DOES LIFE BEGIN AT 40?


GEORGE WEBBER: How is it feeling at 42?
SAMANTHA TAYLOR: 42, what?!
GEORGE WEBBER: What should be…years!
SAMANTHA TAYLOR: It depends. How do you feel?
GEORGE WEBBER: I feel betrayed.
SAMANTHA TAYLOR: Oh, really?
GEORGE WEBBER: Well, you know what they say. Yes, what they say and who say it…that life begins at 40. I’ve already wasted two years, so I realize that I’ve been deceived.
SAMANTHA TAYLOR: I don’t know. I think these two years have been good.
GEORGE WEBBER: Oh, because you are only 38.
SAMANTHA TAYLOR: Lower your voice.
GEORGE WEBBER: Hey Sam, I want you to promise me one thing.
SAMANTHA TAYLOR: You will say…
GEORGE WEBBER: Never…never do surprise me with a party if…
SAMANTHA TAYLOR: Cheers!
GEORGE WEBBER: Understand me, I’m empty. I have to fill my life.
                                                                                                            —10, 1979, Blake Edwards.


LET ME TELL YA, John Lennon used to sing, “They say life begins at 40. Age is just a state of mind. If all that’s true, you know that I’ve been dead for thirty-nine.”

A couple of weeks ago, I watched the movie “10.” George (Dudley Moore) is a Hollywood songwriter, who goes through a mid-life crisis, so he starts staring at young girls on the street and envies his high-living neighbor, causing great concern to his lover, Samantha (Julie Andrews). One day while driving home, he spots the most beautiful woman he’s ever seen, Jenny (Bo Derek). He decides to follow her to Mexico, where she’s on her honeymoon with her husband.

If all men are entitled to pursue happiness by the U.S. Declaration of Independence, and as Stendhal once said, “Beauty is the promise of happiness,” I can’t blame the poor man. He’s just chasing the Promised Happiness.

Drawing an analogy, if crisis strikes, should I move to Silicon Valley—not the one where your brain gets stimulated, but where you put silicon to different and never-thought zones of your body—, turn into a beautiful barbie, buy a convertible car, and date hot toy boys?

Alas, my Dedicated Readers, we all go through life stages, and crisis usually hits when we are plagued by feelings, aside from the worldly worries, that life has no meaning and, on top of that, that life has an irremediable end.
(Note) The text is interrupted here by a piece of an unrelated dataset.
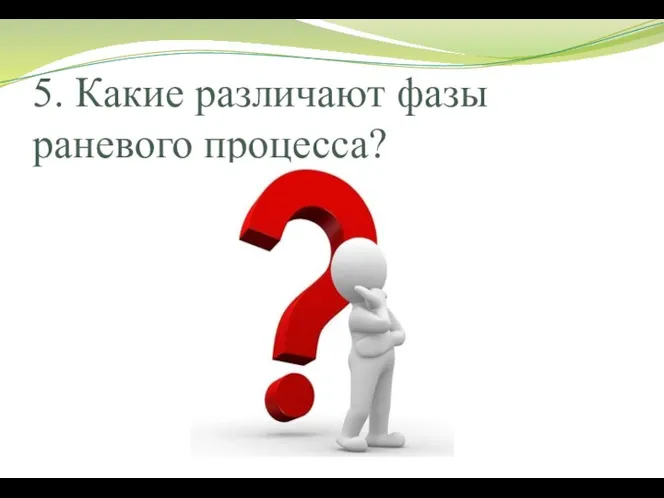 5. Какие различают фазы раневого процесса?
And as getting older, if not solved, this feeling might get pretty nasty, like carrying a ticking time bomb belt, which one day, for one reason or another, will explode.

I got to thinking that there are no treasure maps, nor guidelines; and the human being is so complex that what can serve to a person, that same solution can be dangerous for another. Yet, one thing you got to admit, the human being is a pretty damn good machine. The whir we hear is like the lights flashing on the dashboard warning us “No gas, no gas, no gas...” And you know what happen when your car is running out of gas, right?
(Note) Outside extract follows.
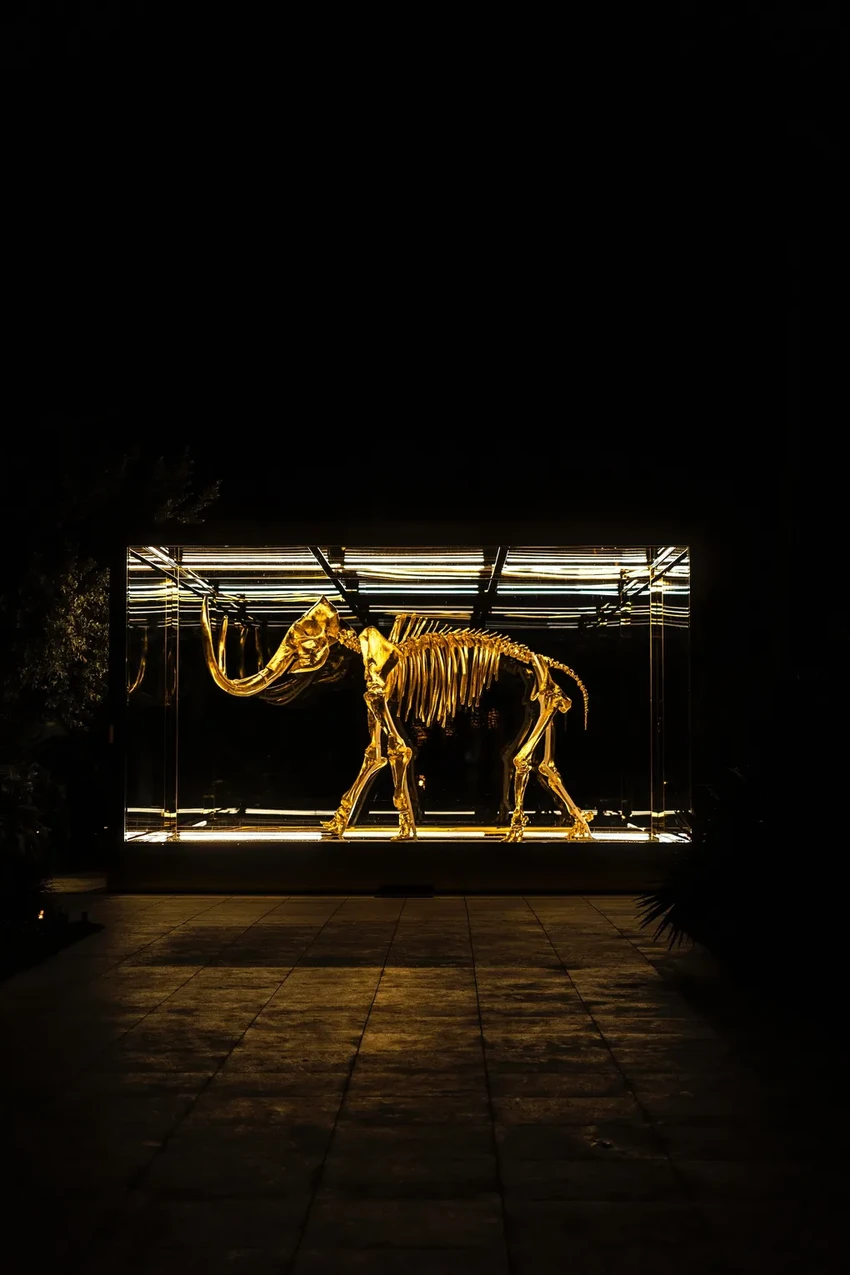 Челюсть мамонта возрастом 10 000 лет найдена в реке Флориды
To me, it has nothing to do with age. Life starts to have a meaning when we live consciously and purposely, with personal integrity.

First and foremost, we should find out who we are, what our values are, and live according to them. This long inner journey[1] starts off when we stop running around like crazy—as Pascal said once, “All of man’s unhappiness comes from an inability to stay in his room alone”—and stop blaming everybody you may know—Also everybody you may not know[2]—and look ourselves in the mirror, which, unlike your heart, doesn’t conceal secrets. And from that point, we start letting go all our worries and walking up. Slowly but steadily.

Let’s face it, it is not easy to be conscious 24/7. Our mind tricks us into traveling from the past to the future. I read somewhere that we should live in an apartment with a window overlooking a cemetery, in order to recall us that there’s no ulterior reason to postpone life.

Once we know who we are, we will be aware of which song we want to sing. So once identified our goals/purposes, we should undertake the actions toward their achievement. Vaclav Havel, former president of Czechoslovakia and essayist and poet, put it that way, “It is not enough to stare up the stairs, we must step up the stairs.” And it turns out that while stepping up the stairs is when we feel that life has a meaning.



[1] Without an inner journey, life will never live up to our expectations, hopes, and desires.
[2] See, it’s really convenient to believe in Gods.